>>>>>
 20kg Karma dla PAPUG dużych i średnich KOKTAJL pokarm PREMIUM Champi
<<<<<
>>>>>
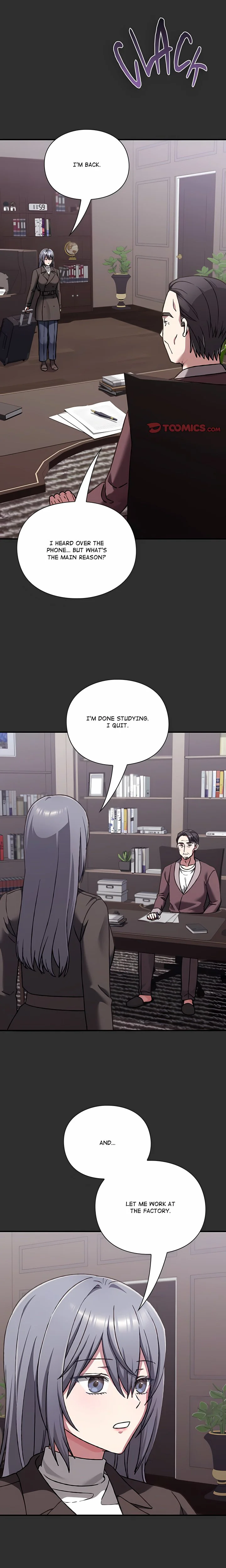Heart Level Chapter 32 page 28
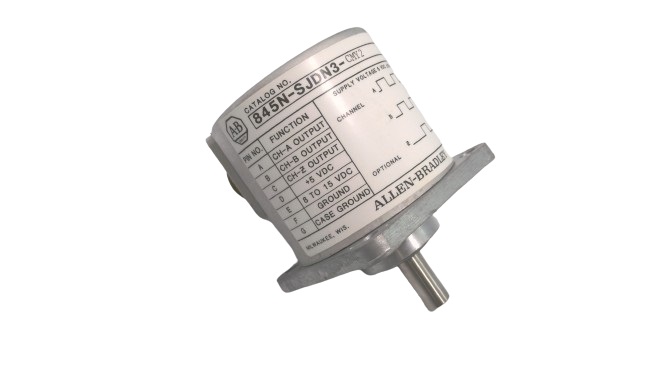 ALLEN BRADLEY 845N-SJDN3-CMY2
<<<<<
EXERCISE AIM – In the records above, find the line with "Heart Level Chapter 32 page 28" and the line with "ALLEN BRADLEY 845N-SJDN3-CMY2"; please transcribe exactly those two lines and all lines between them, omitting any picture.

WRITTEN SOLUTION –
Heart Level Chapter 32 page 28
 ALLEN BRADLEY 845N-SJDN3-CMY2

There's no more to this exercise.